2. Estimation (3 min)

Write Traffic

  • 2B DAU, average 20 reactions/day = 40B reactions/day
  • Average: 460K writes/sec, peak: 2M writes/sec
  • Each write: check if user already reacted → upsert/delete reaction → update counter

Read Traffic

  • Every post view shows reaction count. 2B DAU × 200 posts viewed/day = 400B post views/day
  • 4.6M reads/sec for reaction counts (but counts are cached on the post object — not a separate query)
  • “Who reacted” list: viewed much less frequently. ~1B queries/day = 11K reads/sec

Storage

  • Reaction records: 500B reactions × 30 bytes (user_id, post_id, reaction_type, timestamp) = 15TB
  • Reaction counts: 10B posts × 50 bytes (6 counters + total) = 500GB (easily fits in cache)
  • Active reaction count cache: top 1B posts × 50 bytes = 50GB Redis

Key Insight

Reads outnumber writes 10:1 for counts. The “like count” is shown on every post impression but only changes when someone reacts. This is a perfect case for denormalized counters — pre-compute and cache the count rather than counting rows at query time.


3. API Design (3 min)

React to a Post

POST /v1/reactions
  Body: {
    "content_id": "post_abc123",
    "content_type": "post",
    "reaction_type": "like"           // like, love, haha, wow, sad, angry
  }
  Response 200: {
    "action": "added",                // "added" or "changed" or "removed"
    "previous_reaction": null,        // or "like" if changed from like to love
    "counts": {
      "total": 1542,
      "like": 1203, "love": 187, "haha": 89,
      "wow": 31, "sad": 22, "angry": 10
    }
  }

// Toggle semantics:
// POST with reaction_type = "like" when user already liked → REMOVES the like
// POST with reaction_type = "love" when user already liked → CHANGES to love

Delete Reaction (explicit)

DELETE /v1/reactions?content_id=post_abc123&content_type=post
  Response 200: { "action": "removed", "counts": { ... } }

Get Reactions on a Post

GET /v1/reactions?content_id=post_abc123&content_type=post
  &filter=love&cursor=xxx&limit=20
  Response 200: {
    "counts": { "total": 1542, ... },
    "user_reaction": "like",          // current user's reaction (null if none)
    "reactors": [
      {"user_id": "u_1", "name": "Alice", "reaction": "love", "reacted_at": "..."},
      {"user_id": "u_2", "name": "Bob", "reaction": "love", "reacted_at": "..."},
      ...
    ],
    "next_cursor": "yyy"
  }

Key Decisions

  • Toggle via POST, not DELETE: Same endpoint for add/change/remove simplifies the client. The server determines the action based on current state.
  • Return updated counts in the write response: Client can update the UI immediately without a separate read. Saves a round-trip.
  • Cursor-based pagination for “who reacted”: Offset pagination breaks with high-velocity data. Cursor (last_reacted_at, user_id) is stable.

4. Data Model (3 min)

Reactions (Sharded MySQL/PostgreSQL)

Table: reactions
  content_id       | bigint         -- post, comment, or message ID
  content_type     | tinyint        -- 1=post, 2=comment, 3=message
  user_id          | bigint
  reaction_type    | tinyint        -- 1=like, 2=love, 3=haha, etc.
  created_at       | timestamp

  PRIMARY KEY: (content_id, content_type, user_id)
  -- Composite PK ensures one reaction per user per content item
  -- Shard key: content_id (all reactions for a post on same shard)

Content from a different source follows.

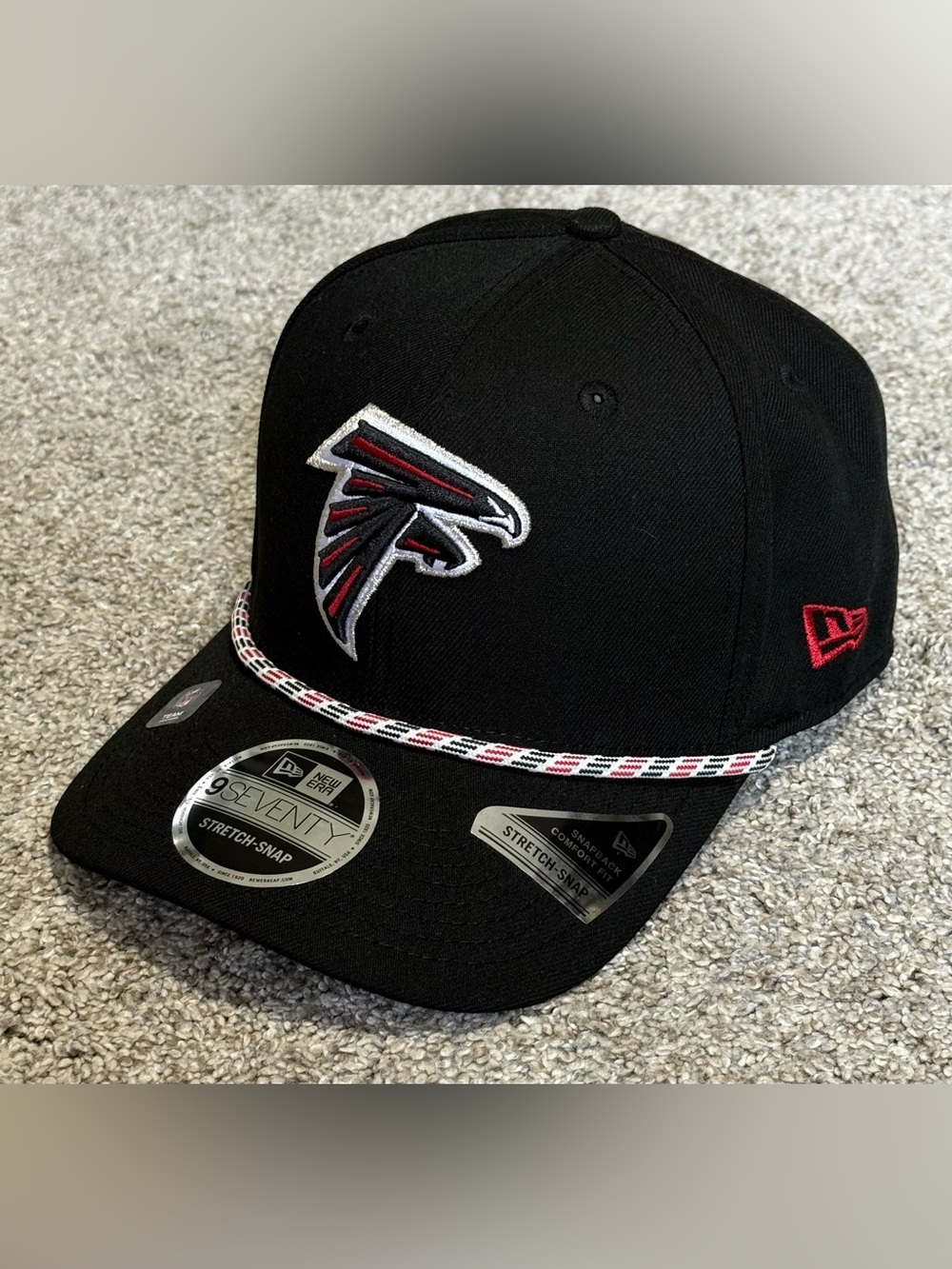 New Era Men's Atlanta Falcons Multi-Rope OTC 9SEVENTY stretch snapback hat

  INDEX: (user_id, created_at)
  -- For "posts I've reacted to" queries

Reaction Counts (Denormalized, Redis + DB)

Table: reaction_counts
  content_id       | bigint
  content_type     | tinyint
  total            | int
  count_like       | int
  count_love       | int
  count_haha       | int
  count_wow        | int
  count_sad        | int
  count_angry      | int
  updated_at       | timestamp

  PRIMARY KEY: (content_id, content_type)

Redis Cache Structure

// Reaction counts (hot path for every post render)
Key: rc:{content_id}
Type: Hash
Fields: total, like, love, haha, wow, sad, angry
TTL: 24 hours (refreshed on access)

// User's reaction on a post (for showing "you liked this")
Key: ur:{content_id}:{user_id}
Type: String
Value: reaction_type (1-6) or empty
TTL: 1 hour

Why These Choices

  • Sharded MySQL by content_id: Reactions are almost always queried by content_id (“show reactions on this post”). Sharding by content_id keeps all reactions for a post on one shard, avoiding scatter-gather.
  • Denormalized counts: COUNT(*) on 500B rows is not viable. Pre-computed counts served from cache handle 4.6M reads/sec with < 1ms latency.
  • Tinyint for reaction_type: Saves storage over varchar at 500B row scale. 1 byte × 500B = 500GB saved vs using a string.

5. High-Level Design (12 min)

Write Path (User Reacts)

Client taps "Like"
  → API Server:
      1. Validate request
      2. Read current reaction for (content_id, user_id):
         → Redis cache ur:{content_id}:{user_id}
         → If cache miss: query reactions table
      3. Determine action:
         → No existing reaction → INSERT new reaction
         → Same reaction exists → DELETE (toggle off)
         → Different reaction → UPDATE reaction_type
      4. Write to reactions table (synchronous, consistent)
      5. Update denormalized count (async via Kafka):
         → Publish ReactionEvent { content_id, action, old_type, new_type }
      6. Invalidate/update Redis caches
      7. Return response with new counts (optimistically computed)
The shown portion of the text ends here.